“PNA, Proletramento, PNAIC – algumas semelhanças e diferenças”, pelo professor Hércules Corrêa

Foto – Professor da UFOP, Hércules Corrêa, pesquisa a formação de leitores e outros temas relacionados à aprendizagem da língua escrita. Crédito- Divulgação.

Home » “PNA, Proletramento, PNAIC – algumas semelhanças e diferenças”, pelo professor Hércules Corrêa
Por Professor Hércules Tolêdo Corrêa Publicado em 29/01/2020, 10:05 - Atualizado em 29/01/2020, 10:23
Foto – Professor da UFOP, Hércules Corrêa, pesquisa a formação de leitores e outros temas relacionados à aprendizagem da língua escrita. Crédito- Divulgação. Siga no Google News

Na terceira crônica desta série, continuo minhas especulações, divagações e observações sobre as políticas de alfabetização e formação continuada de alfabetizadores nos últimos anos. Como o magistério dos anos iniciais, no Brasil, tem sido exercido majoritariamente por mulheres, optei por usar, aqui, os termos alfabetizadoras e professoras, na maior parte das vezes, embora saibamos que existam exceções.

O que caracteriza a Política Nacional de Alfabetização  - PNA do (des)governo atual? O que ela tem de semelhante aos programas anteriores de melhoria na alfabetização? O que ela tem de diferente do Pró-Letramento e do PNAIC?

Em uma busca rápida pelos jornais, para refrescar a memória e redigir este texto, encontro um “falatório” de “autoridades” da atual gestão do MEC, composta por nomes que nem vale a pena citar aqui, em que se menciona o Programa Nacional de Alfabetização e cita-se bastante uma tal “Diretoria de Alfabetização Baseada em Evidências”.

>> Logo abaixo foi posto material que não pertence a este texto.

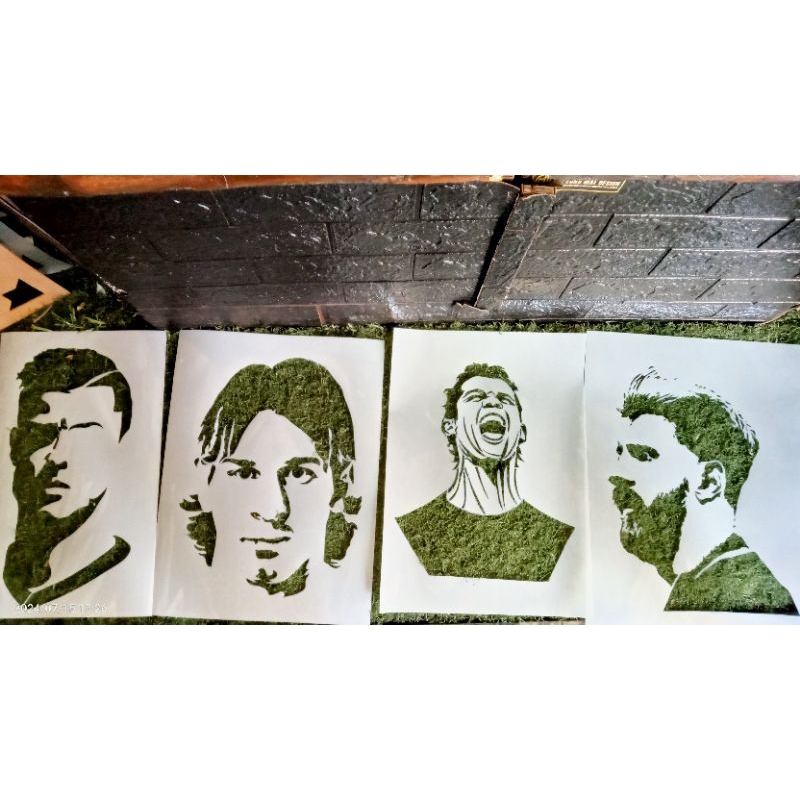 

stensil motif sketsa wajah karakter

Algo que me chama a atenção é o uso dos termos “literacia” e “numeracia”. Já tratei dessa questão em crônicas anteriores, mas retomo rapidamente. Este atual (des)governo, que quer considerar “evidência científica” apenas um tipo de pesquisa, ou uma certa forma de fazer pesquisa, troca seis por meia dúzia ao substituir os termos “letramento” e “numeramento”, já bastante consolidados por determinados grupos de pesquisadores brasileiros, por esses termos mais utilizados em Portugal e que consistem em traduções mais literais dos termos “literacy” e “numeracy”, utilizados na bibliografia de língua inglesa.

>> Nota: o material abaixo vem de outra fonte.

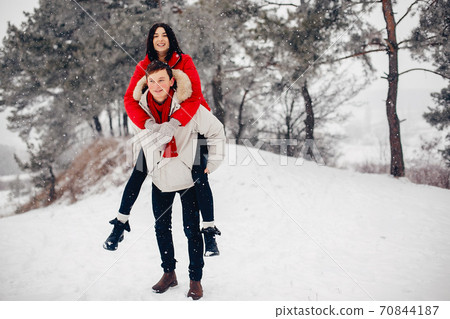 Loving couple walking in a winter park 70844187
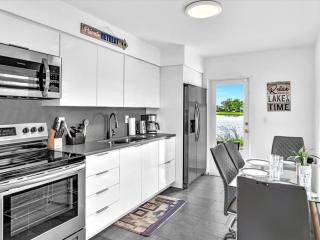 2br Lakeside Getaway - Peaceful Waterfront Stay - Davie - 4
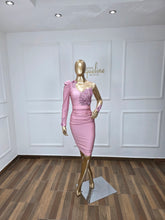 Load image into Gallery viewer, Elizabeth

As “evidências” que vêm sendo destacadas pelas “toridades mequianas” ou pelo “‘seu’ MEC” (como diriam as personagens da peça O inspetor geral, de Gogol), são aquelas oriundas do pensamento de pesquisadores que “flertam” com o método fônico de alfabetização. Esclarecendo ou lembrando aqui: o método fônico é aquele que ensina os sons de cada letra e a partir daí formam-se as palavras. Em geral, as crianças alfabetizadas por esse método não têm acesso imediato a textos antes de conhecerem os sons de cada letra. Das letras passam para as sílabas, depois as palavras e só então se chega aos textos pequenos, geralmente chamados de “pseudotextos”, porque muito mais preocupados em apresentar sequências de palavras mais conhecidas do que ideias que realmente possam produzir algum sentido, como os conhecidos “Ivo viu a uva” (e atualmente não podemos nem mais brincar “Ivo viu a uva e a vulva da vovó”, porque a ministra “pastora da goiabeira” vai falar que é muita obscenidade!).

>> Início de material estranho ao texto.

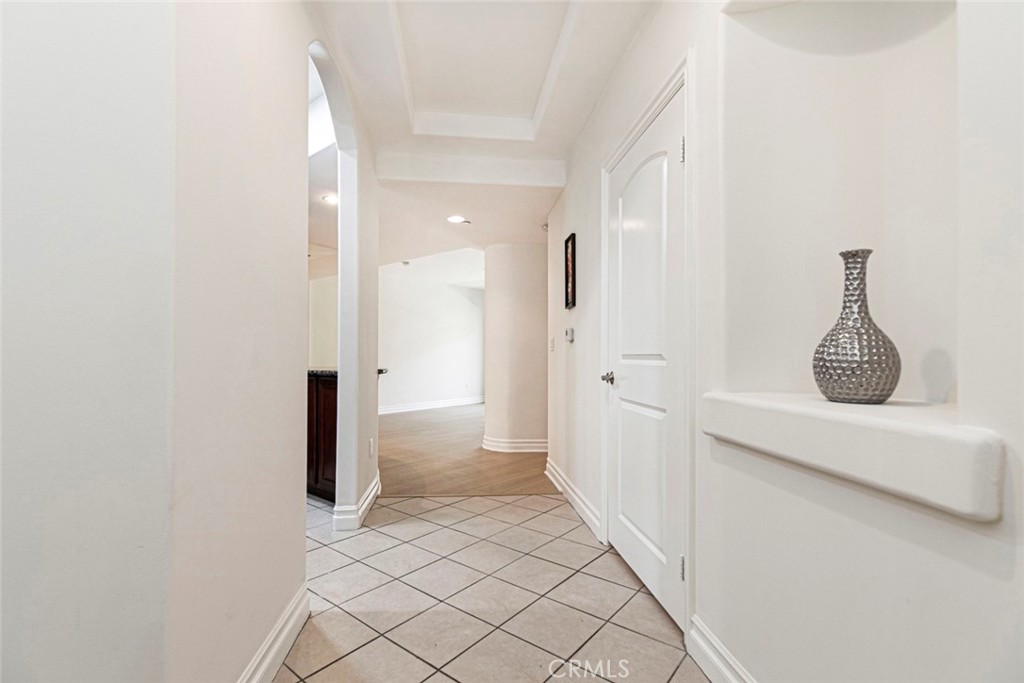 15206 Burbank Boulevard 107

O (des)governo prega que não haverá uma imposição de método (ver, por exemplo, https://www.gazetadopovo.com.br/educacao/mec-quer-programa-de-alfabetizacao-apoiado-na-ciencia-mas-sem-impor-metodo/, acesso em 29 de janeiro de 2020) mas na “prática a teoria é outra”, já que a famigerada “alfabetização baseada em evidências” sempre que pode vai reiterar e defender o método fônico, já bastante questionado, datado e, com vantagens e desvantagens, como qualquer outro método. A Professora Isabel Frade, da UFMG, afirma, em texto publicado em 2005: “nos casos em que realmente há uma correspondência direta entre um fonema e sua representação escrita os aprendizes irão decifrar rapidamente, desde que entendam esta relação  e decorem essa correspondência, estas correspondências diretas seriam p e b, v e f, t e d. Essas letras representam apenas um fonema e mais nenhum outro, não oferecendo maior dificuldade na decodificação e codificação.” (FRADE, Isabel Cristina A. S. Métodos e didáticas de alfabetização: história, características e modos de fazer de professores. Caderno do Formador, Belo Horizonte: Ceale/FaE/UFMG, 2005.)    Mas no caso de letras como s, x e outras situações (dígrafos, por exemplo), a coisa complica.

Como afirma nossa grande referência em alfabetização, a Professora emérita da UFMG, Magda Soares, “é necessário lembrar ao MEC que a escolha de método de alfabetização, como também de métodos para qualquer conteúdo de ensino, é direito assegurado por lei aos professores e às escolas. Nem é preciso justificar isso com os dispositivos da Lei de Diretrizes e Bases da Educação (LDB) ou do Plano Nacional de Educação (PNE).” A experiente pesquisadora, do alto dos seus mais de 80 anos de idade e quase 60 de profissão, prossegue: “O subterfúgio de usar o verbo ‘recomendar’ é tão ilegal quanto seria o verbo ‘impor’, quando essa recomendação vem associada à promessa de apoio às escolas, caso a adotem. Isso nada mais é que uma manobra para seduzir as escolas públicas que necessitam de apoio do poder público – não para intervir em suas opções pedagógicas, mas para que disponham de recursos para melhoria da infraestrutura, sempre precária; para criação ou enriquecimento de suas bibliotecas e laboratórios, a aquisição de computadores ou tablets, à introdução de novas tecnologias de ensino e, sobretudo, para remuneração justa dos professores.”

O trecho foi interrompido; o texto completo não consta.